**DATASET ENTRIES:**

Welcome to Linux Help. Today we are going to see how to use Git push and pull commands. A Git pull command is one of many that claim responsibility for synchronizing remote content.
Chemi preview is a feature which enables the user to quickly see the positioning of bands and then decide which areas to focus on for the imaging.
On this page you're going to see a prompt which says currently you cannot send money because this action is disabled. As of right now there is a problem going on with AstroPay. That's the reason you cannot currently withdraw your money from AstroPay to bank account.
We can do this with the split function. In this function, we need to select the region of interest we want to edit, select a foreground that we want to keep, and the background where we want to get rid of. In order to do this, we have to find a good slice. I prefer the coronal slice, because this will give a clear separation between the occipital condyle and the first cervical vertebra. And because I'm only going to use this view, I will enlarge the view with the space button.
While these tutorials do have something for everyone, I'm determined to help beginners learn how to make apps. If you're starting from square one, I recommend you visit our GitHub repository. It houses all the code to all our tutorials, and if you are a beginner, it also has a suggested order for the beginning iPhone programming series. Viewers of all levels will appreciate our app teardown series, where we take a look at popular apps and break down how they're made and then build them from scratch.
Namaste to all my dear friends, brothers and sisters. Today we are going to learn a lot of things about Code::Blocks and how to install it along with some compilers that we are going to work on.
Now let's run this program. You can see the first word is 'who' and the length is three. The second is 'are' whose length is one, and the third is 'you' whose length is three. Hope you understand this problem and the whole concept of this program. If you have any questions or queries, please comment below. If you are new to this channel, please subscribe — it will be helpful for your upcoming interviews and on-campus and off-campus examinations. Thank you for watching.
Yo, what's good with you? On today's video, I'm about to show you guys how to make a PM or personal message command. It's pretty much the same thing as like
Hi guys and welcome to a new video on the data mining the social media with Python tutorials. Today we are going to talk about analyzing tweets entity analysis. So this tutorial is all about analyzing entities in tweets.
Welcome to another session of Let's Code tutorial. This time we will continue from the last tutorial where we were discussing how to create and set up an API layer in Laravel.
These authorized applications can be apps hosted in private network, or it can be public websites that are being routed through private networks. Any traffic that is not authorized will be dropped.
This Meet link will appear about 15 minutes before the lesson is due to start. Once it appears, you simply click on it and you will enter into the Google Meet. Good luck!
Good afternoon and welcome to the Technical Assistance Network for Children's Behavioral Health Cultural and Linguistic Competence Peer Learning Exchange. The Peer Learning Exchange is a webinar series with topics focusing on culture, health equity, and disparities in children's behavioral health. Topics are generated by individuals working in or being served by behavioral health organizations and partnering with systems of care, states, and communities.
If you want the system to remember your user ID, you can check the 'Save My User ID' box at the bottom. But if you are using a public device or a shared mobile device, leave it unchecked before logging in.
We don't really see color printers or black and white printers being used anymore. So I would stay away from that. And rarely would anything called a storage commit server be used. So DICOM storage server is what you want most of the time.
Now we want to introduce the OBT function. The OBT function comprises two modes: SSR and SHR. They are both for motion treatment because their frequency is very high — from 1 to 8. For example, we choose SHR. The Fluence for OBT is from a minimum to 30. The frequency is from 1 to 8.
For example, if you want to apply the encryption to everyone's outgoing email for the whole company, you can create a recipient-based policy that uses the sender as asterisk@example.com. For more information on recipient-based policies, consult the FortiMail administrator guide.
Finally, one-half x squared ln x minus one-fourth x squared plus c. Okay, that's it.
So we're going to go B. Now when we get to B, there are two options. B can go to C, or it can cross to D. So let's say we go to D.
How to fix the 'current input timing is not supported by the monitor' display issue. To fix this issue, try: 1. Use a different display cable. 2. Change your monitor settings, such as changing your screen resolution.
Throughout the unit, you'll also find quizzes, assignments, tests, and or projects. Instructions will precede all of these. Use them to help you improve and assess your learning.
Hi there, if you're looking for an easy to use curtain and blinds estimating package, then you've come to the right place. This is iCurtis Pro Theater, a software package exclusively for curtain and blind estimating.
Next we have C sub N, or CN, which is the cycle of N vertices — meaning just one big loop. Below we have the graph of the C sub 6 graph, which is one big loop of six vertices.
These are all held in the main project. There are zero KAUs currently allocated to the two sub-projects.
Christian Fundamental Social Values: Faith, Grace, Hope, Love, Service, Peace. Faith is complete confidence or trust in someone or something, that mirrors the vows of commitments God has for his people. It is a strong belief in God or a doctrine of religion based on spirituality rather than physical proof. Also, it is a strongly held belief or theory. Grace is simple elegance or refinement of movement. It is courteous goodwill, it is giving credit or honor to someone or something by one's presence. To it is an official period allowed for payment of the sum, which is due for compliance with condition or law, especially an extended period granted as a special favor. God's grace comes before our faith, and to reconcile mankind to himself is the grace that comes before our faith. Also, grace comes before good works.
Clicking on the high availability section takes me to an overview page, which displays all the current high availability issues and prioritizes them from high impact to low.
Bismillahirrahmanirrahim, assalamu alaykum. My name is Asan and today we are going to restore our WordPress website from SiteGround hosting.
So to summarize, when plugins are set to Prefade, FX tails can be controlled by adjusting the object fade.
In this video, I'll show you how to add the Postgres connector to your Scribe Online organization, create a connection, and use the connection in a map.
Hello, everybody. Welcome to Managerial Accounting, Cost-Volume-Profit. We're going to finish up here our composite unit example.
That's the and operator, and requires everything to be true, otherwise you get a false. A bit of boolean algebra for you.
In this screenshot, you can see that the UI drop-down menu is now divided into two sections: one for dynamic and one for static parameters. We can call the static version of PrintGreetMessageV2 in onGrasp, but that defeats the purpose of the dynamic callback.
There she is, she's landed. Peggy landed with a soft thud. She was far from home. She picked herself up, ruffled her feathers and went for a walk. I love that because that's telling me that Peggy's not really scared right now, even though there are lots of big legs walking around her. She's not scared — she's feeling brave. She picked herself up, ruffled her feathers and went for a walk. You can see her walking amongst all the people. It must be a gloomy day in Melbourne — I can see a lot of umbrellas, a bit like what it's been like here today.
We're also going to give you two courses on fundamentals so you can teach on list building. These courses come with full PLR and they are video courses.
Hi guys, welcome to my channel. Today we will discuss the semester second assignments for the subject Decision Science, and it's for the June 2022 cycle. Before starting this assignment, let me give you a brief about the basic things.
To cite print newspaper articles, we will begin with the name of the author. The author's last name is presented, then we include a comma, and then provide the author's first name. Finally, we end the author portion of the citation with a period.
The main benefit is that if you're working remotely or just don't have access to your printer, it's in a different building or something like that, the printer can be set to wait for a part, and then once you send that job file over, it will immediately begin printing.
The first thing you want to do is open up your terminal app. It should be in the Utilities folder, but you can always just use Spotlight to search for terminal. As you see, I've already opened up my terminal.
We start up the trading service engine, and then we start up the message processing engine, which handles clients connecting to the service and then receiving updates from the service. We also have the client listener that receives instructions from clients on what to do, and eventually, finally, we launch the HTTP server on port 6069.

**WORK REQUEST:**
Reproduce, character for character, only the lines of the preceding data that start at the line with "This Meet link" and end at the line with "We don't really", both included.

**ANSWER TO THE PROBLEM:**
This Meet link will appear about 15 minutes before the lesson is due to start. Once it appears, you simply click on it and you will enter into the Google Meet. Good luck!
Good afternoon and welcome to the Technical Assistance Network for Children's Behavioral Health Cultural and Linguistic Competence Peer Learning Exchange. The Peer Learning Exchange is a webinar series with topics focusing on culture, health equity, and disparities in children's behavioral health. Topics are generated by individuals working in or being served by behavioral health organizations and partnering with systems of care, states, and communities.
If you want the system to remember your user ID, you can check the 'Save My User ID' box at the bottom. But if you are using a public device or a shared mobile device, leave it unchecked before logging in.
We don't really see color printers or black and white printers being used anymore. So I would stay away from that. And rarely would anything called a storage commit server be used. So DICOM storage server is what you want most of the time.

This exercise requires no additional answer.